Chris Vermeulen refait le coup de
partir devant dès le début, mais cette fois
Lorenzo Lanzi, bénéficiant lui
aussi d'une Ducati usine, s'accroche à ses basques. J'ai
d'ailleurs juste à ma
gauche un fan club du pilote italien, ils sont dix, gesticulent,
crient,
agitent des drapeaux, et jouent tous ensemble de la corne de brume. Dix
cornes
qui trompent en même temps, je vous laisse imaginer. Bref,
exubérants comme
peuvent l'être des Italiens. Lorsque Vermeulen
s'écarte sur panne mécanique,
laissant la tête de la course à Lanzi
jusqu'à l'arrivée, le délire monte
encore
d'un cran !
La
météo magnifique nous a valu un grand soleil tout
l'après-midi, il commence à
faire soif, je ne veux pas repartir déshydraté au
guidon de la MZ : ce serait
un facteur de fatigue dangereux. Malgré l'invitation
permanente, j'ai scrupule
à retourner à la tente Ducati juste pour prendre
une boisson avant de partir ;
j'achète une petite bouteille d'eau plate dans une baraque
à frites ... 3 euros
pour 50cl, gasp ! Servie fraîche, heureusement ...
Cette
fois, dès 165 km au partiel, je commence à
chercher et repère rapidement une station sur l'autoroute.

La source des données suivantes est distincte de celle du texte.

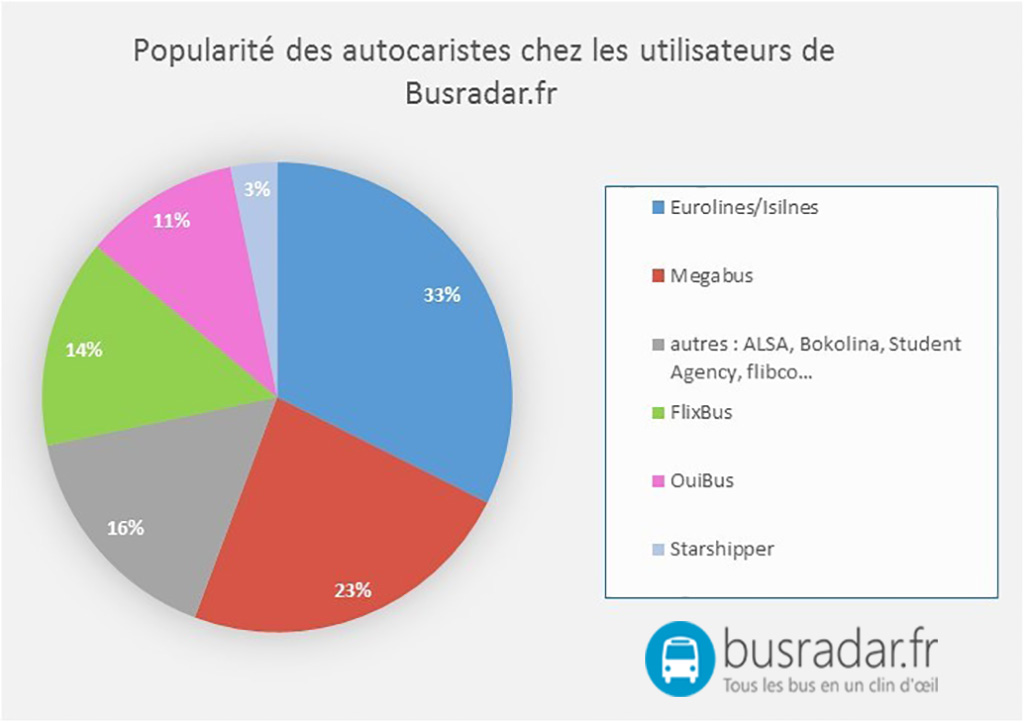 Classement des opérateurs d'autocars français sur busradar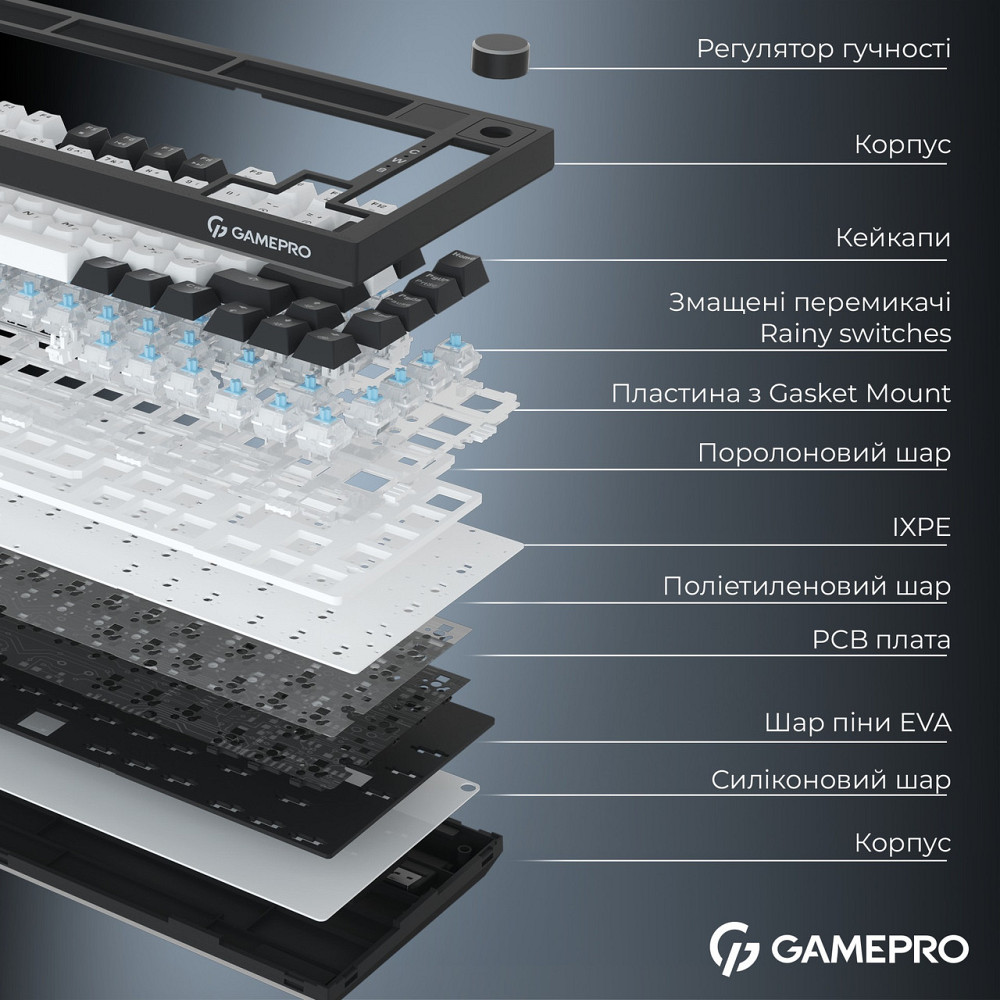 Клавіатура бездротова GamePro Asgard Valhalla Pro White (MK160W-D-Pro) ( 17282 ) Харків - фото 15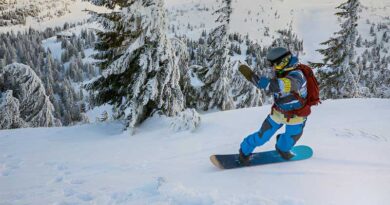 Best Snowboards for Advanced Riders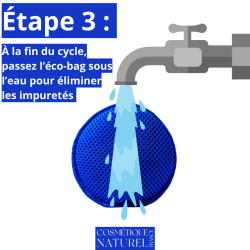 Éco-bag - Lave vaisselle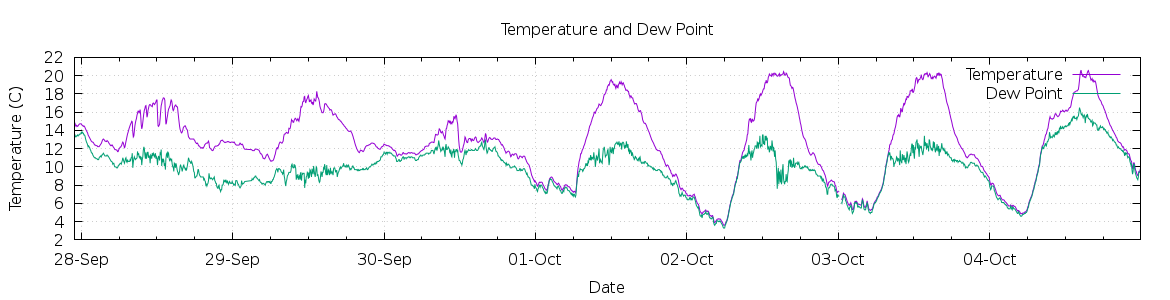 [7-day Temperature and Dew Point]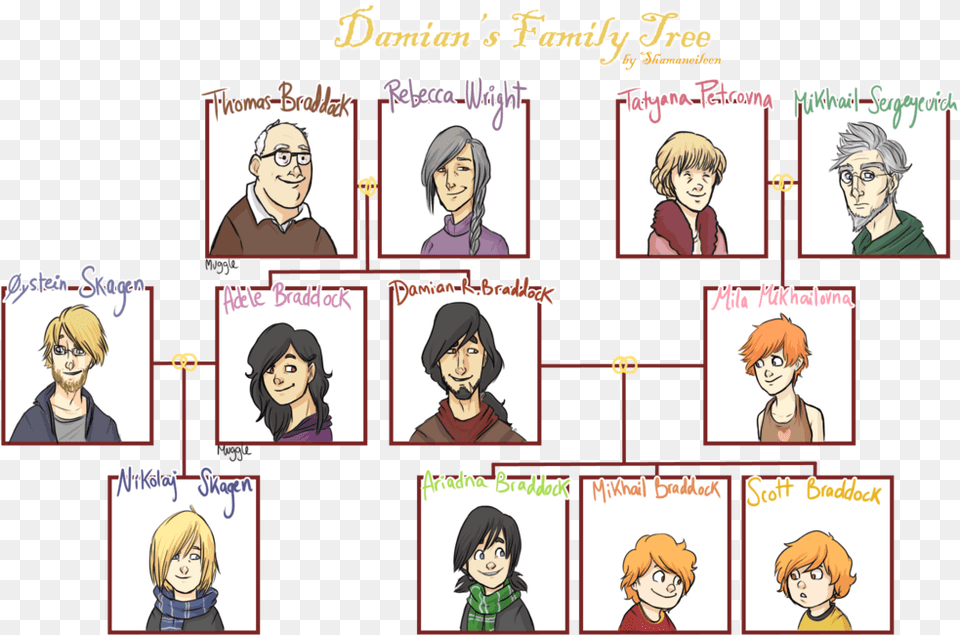 Extended Template Datariouruguay Simple Family Tree In Spanish, Book, Comics, Publication, Adult Free Transparent Png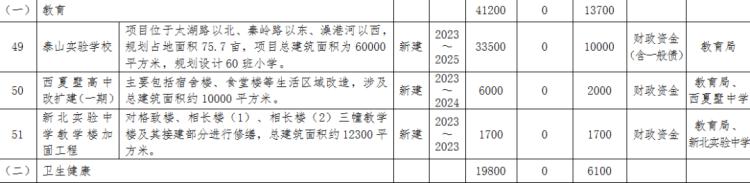 最新常州规划,常州城建规划最新消息
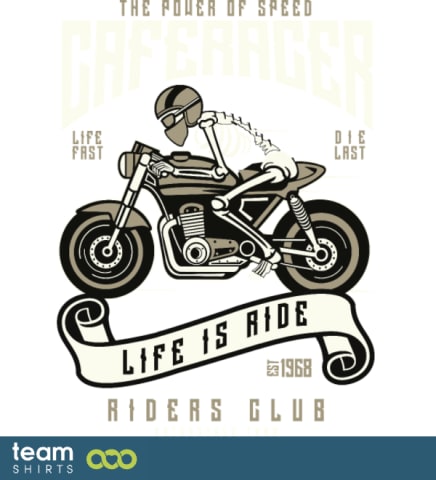 Geschwindigkeit von Caferacer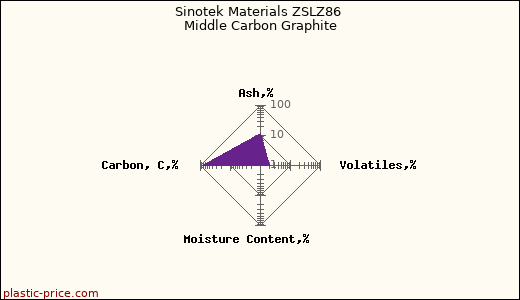 Sinotek Materials ZSLZ86 Middle Carbon Graphite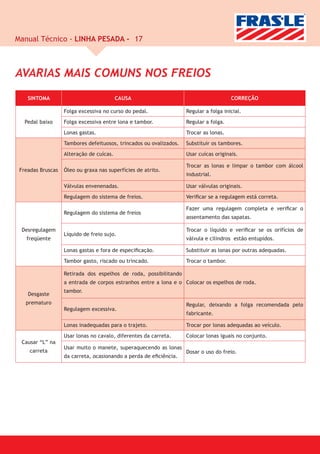 Manual Técnico - LINHA PESADA - 17



AVARIAS MAIS COMUNS NOS FREIOS
    SINTOMA                               CAUSA                                        CORREÇÃO

                   Folga excessiva no curso do pedal.               Regular a folga inicial.
   Pedal baixo     Folga excessiva entre lona e tambor.             Regular a folga.
                   Lonas gastas.                                    Trocar as lonas.
                   Tambores defeituosos, trincados ou ovalizados.   Substituir os tambores.
                   Alteração de cuícas.                             Usar cuícas originais.

                                                                    Trocar as lonas e limpar o tambor com álcool
 Freadas Bruscas   Óleo ou graxa nas superfícies de atrito.
                                                                    industrial.

                   Válvulas envenenadas.                            Usar válvulas originais.
                   Regulagem do sistema de freios.                  Veriﬁcar se a regulagem está correta.

                                                                    Fazer uma regulagem completa e veriﬁcar o
                   Regulagem do sistema de freios
                                                                    assentamento das sapatas.

 Desregulagem                                                       Trocar o líquido e veriﬁcar se os orifícios de
                   Líquido de freio sujo.
   freqüente                                                        válvula e cilindros estão entupidos.

                   Lonas gastas e fora de especiﬁcação.             Substituir as lonas por outras adequadas.
                   Tambor gasto, riscado ou trincado.               Trocar o tambor.

                   Retirada dos espelhos de roda, possibilitando
                   a entrada de corpos estranhos entre a lona e o Colocar os espelhos de roda.
                   tambor.
    Desgaste
   prematuro                                                        Regular, deixando a folga recomendada pelo
                   Regulagem excessiva.
                                                                    fabricante.

                   Lonas inadequadas para o trajeto.                Trocar por lonas adequadas ao veículo.
                   Usar lonas no cavalo, diferentes da carreta.     Colocar lonas iguais no conjunto.
 Causar “L” na
                   Usar muito o manete, superaquecendo as lonas
     carreta                                                        Dosar o uso do freio.
                   da carreta, ocasionando a perda de eﬁciência.
 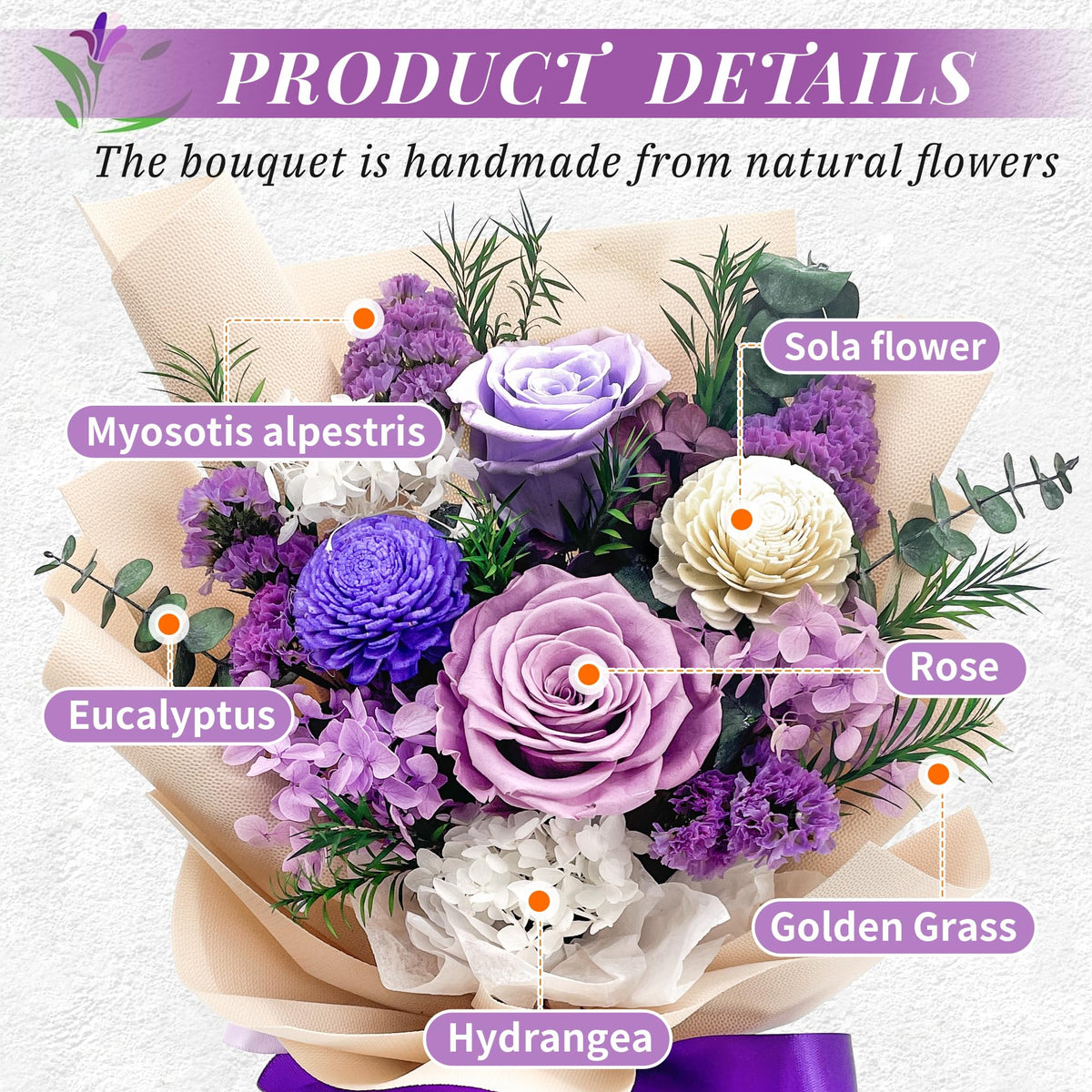 QOEAZY preserved arrangement ideal for Mother's Day or anniversaries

Et la MZ pète un score : 5,33 litres aux cents
consommés depuis le dernier
plein ! Jamais je n'avais consommé aussi peu. L'autoroute
à vitesse stabilisée
lui convient fort bien. Arrivé dans l'Essonne, je retrouve
vite les
sempiternels bouchons de retours de week-end vers Paris. La MZ passe
plutôt
bien entre les files, je me demande vraiment comment tous ces caisseux
peuvent
supporter ça. Et j'arrive chez moi même pas
fatigué du trajet ! Merci m'sieur
MZ pour cette très, très bonne bécane !
(*)
C'est la Foggy Petronas à trois cylindres. La
bécane est née de la
collaboration entre Karl Fogarty (d'où le nom "Foggy") et le
constructeur
Malais également connu pour ses motorisations en F1 (sur
châssis Sauber je crois).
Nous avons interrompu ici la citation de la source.